─── Dataset section ───

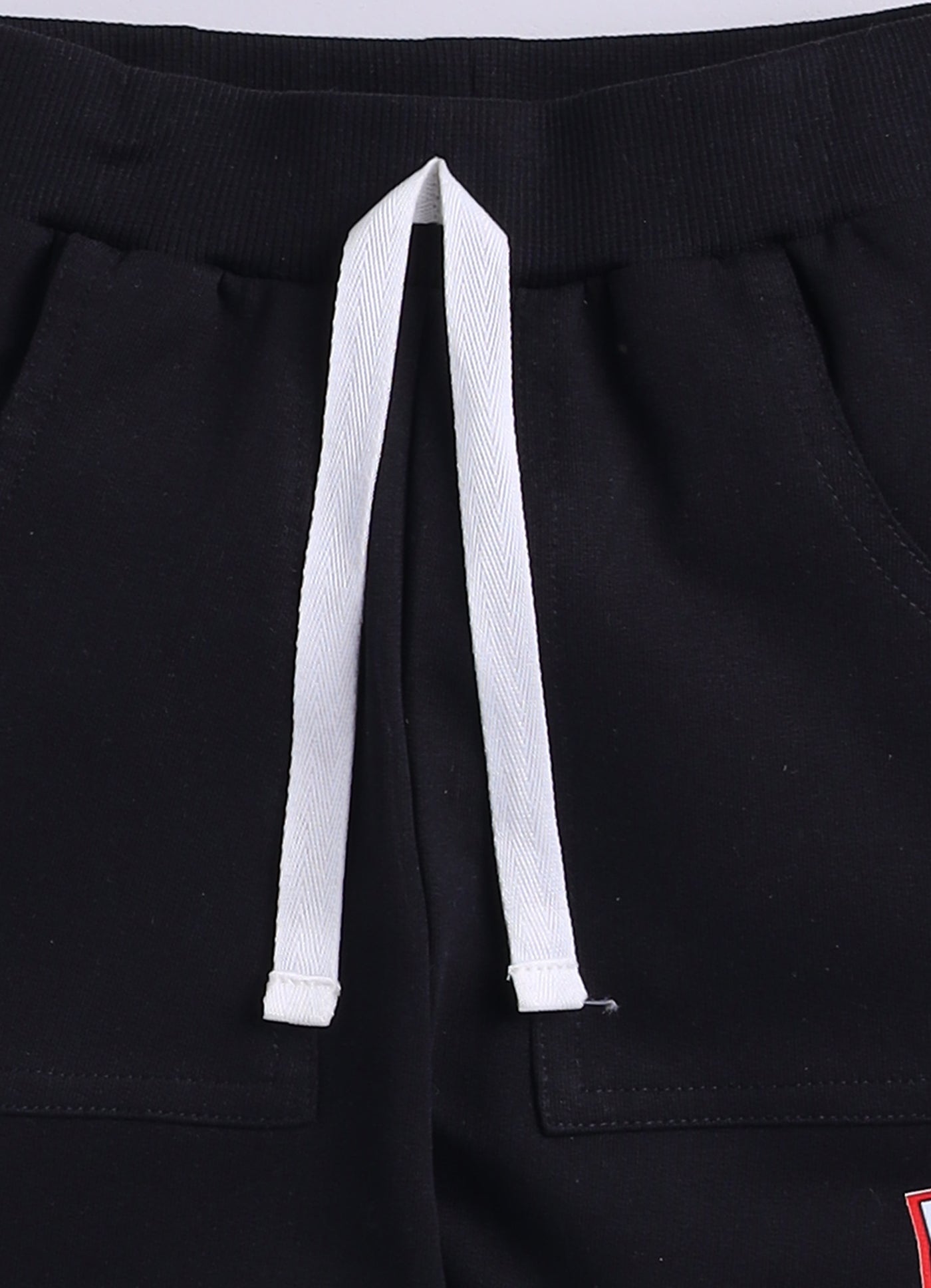 Baby Boys Casual Sweatshirt Track Pants  (MULTI)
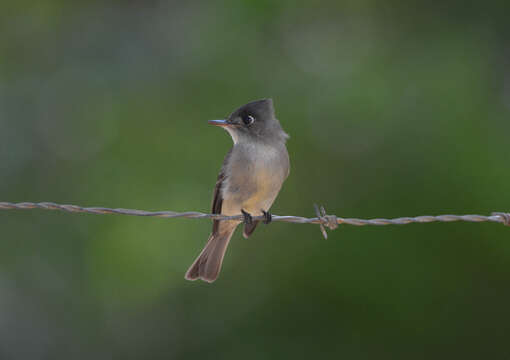 Image of Cuban Pewee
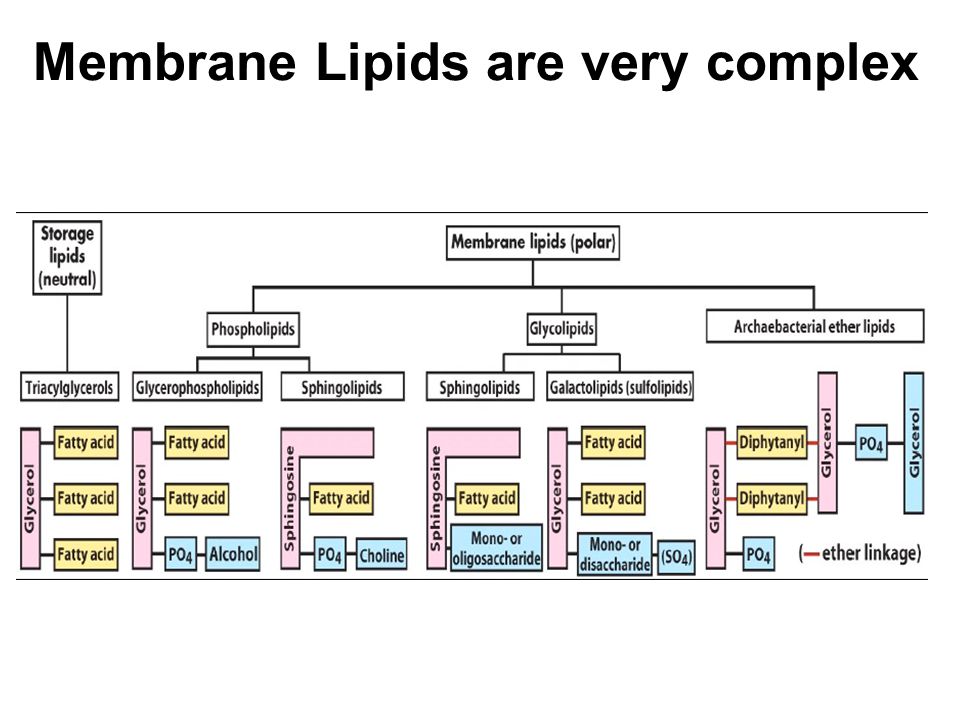 Membrane Lipids are very complex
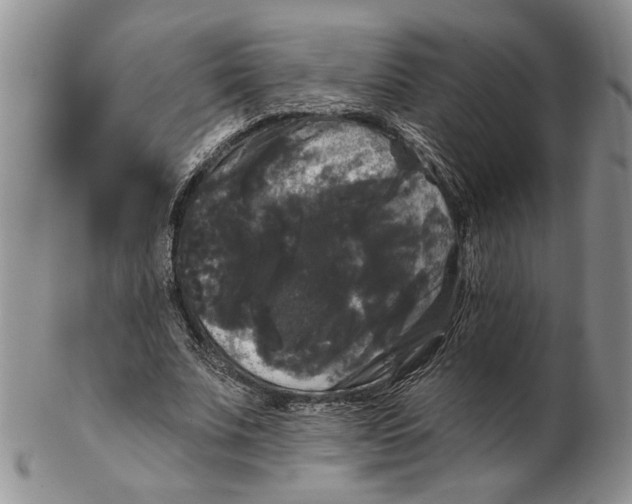 X0000102240679200808221331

───

- _Work order_:
Retype exactly, and only, the lines from the one containing "Image of Cuban Pewee" through the end of the material, leaving aside every picture.

- _Result for this exercise_:
 Image of Cuban Pewee
 Membrane Lipids are very complex
 X0000102240679200808221331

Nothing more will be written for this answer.